NBA source data from 1986-2014, plus example data load and query scripts. Have fun!

Primary LanguageJavaScript

Overview

This project makes available a fantastic historical data set of data from the National Basketball Association, for every game from 1985-86 to 2012-13. The data was originally made available here. Kudos to the author of that article for writing a scraper and pulling all this data one query at a time from the nba.com UI, which is the only way to access the data.

That source makes the data available as mongodb binary data set -- I have converted it to JSON and posted it here as part of this project, so anyone can more easily use it with any data store, language, library, etc.

Also included are scripts in node.js to load the data into Amazon's DynamoDB. Those tools were chosen only because my fortunes at that time led me to them -- as noted the data is in JSON so you can easily do with it what you will. The included code is an example of loading the data into one schema, and querying it in various ways.

Getting Started

Using the data set depends on the following dependencies.

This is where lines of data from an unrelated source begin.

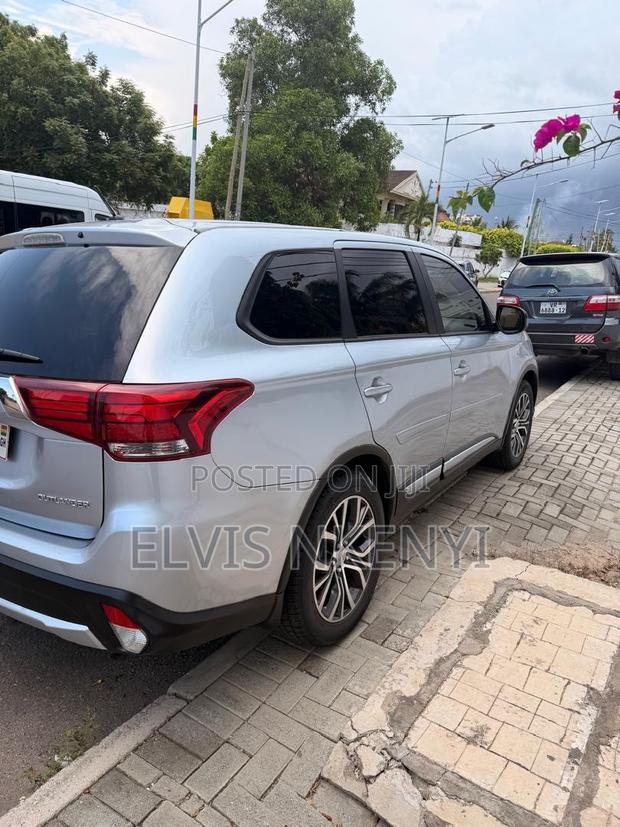 Mitsubishi Outlander 2.4 PHEV AWD 2016 Silver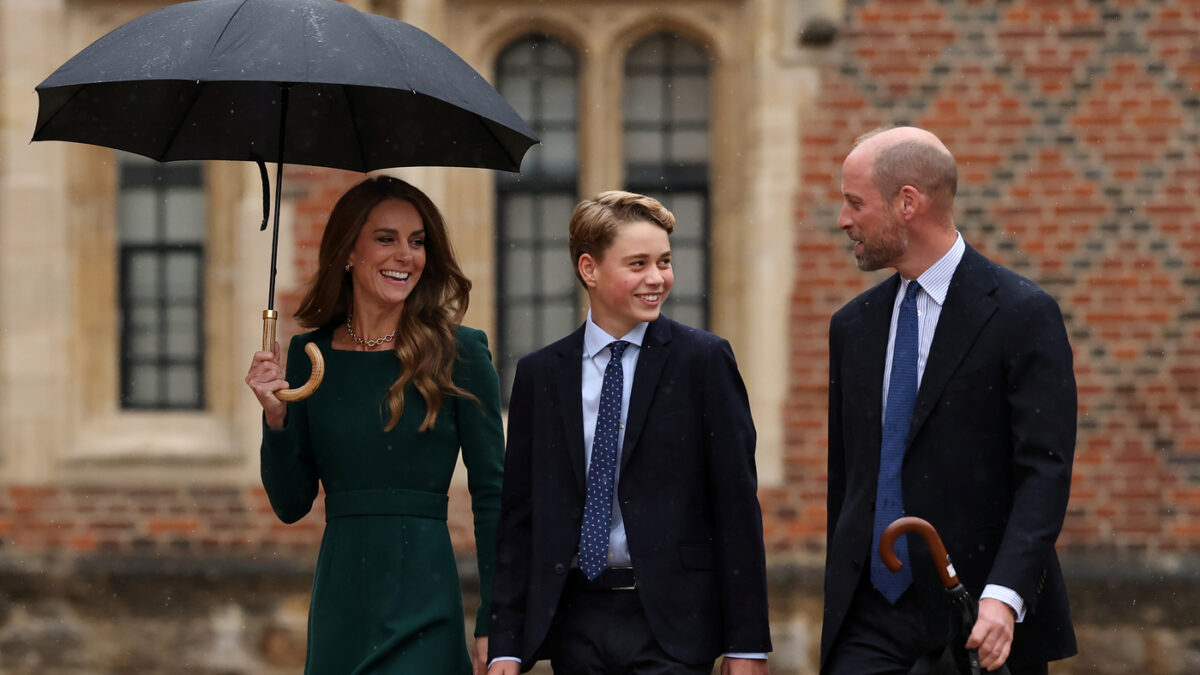 Harry e Meghan replicano a Re Carlo: “Noi ‘comuni cittadini’? Siamo sorpresi”. Attesa per il verdetto sulla loro scorta, intanto William e Kate accompagnano George a Eaton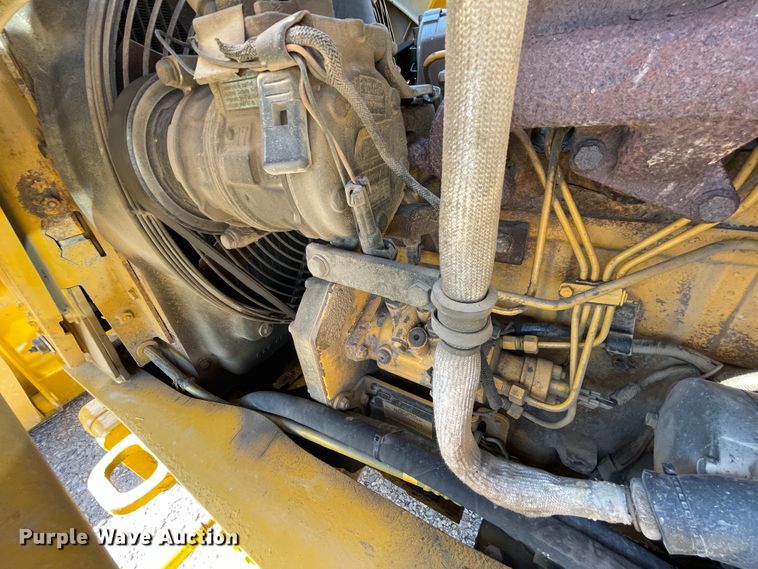 image for item JQ9620 2003 John Deere 310G  backhoe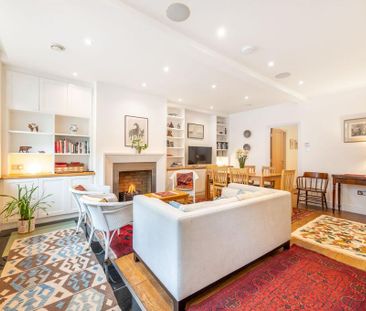 4 bedroom mews to rent - Photo 2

  • node.js is installed. This code has been tested with node v0.10.32.
  • Install DynamoDB local. See here for instructions on downloading and running.
  • Create 'games' table using script in '/data/dynamodb/ddl/create_table__games.js'
  • ~/.aws/credentials file accessible like so:
[default]
aws_access_key_id=AKIAIOSFODNN7EXAMPLE
aws_secret_access_key=wJalrXUtnFEMI/K7MDENG/bPxRfiCYEXAMPLEKEY
  • ~/.aws/config file accessible like so:
[default]
region=us-east-1
output=json
  • 'games.txt' file is found at the location in 'PATH' var at top of '/data/dynamodb/load/load_data.js' source file. The default location for 'PATH' is '/data/source' and this will work with the inluded 'load_data.js' file as is. Unzip the included 'games.txt.gz' file into '/data/source'.
  • Run the 'load_data.js' script from node:
$ PROJECT_ROOT/data/load/node load_data.js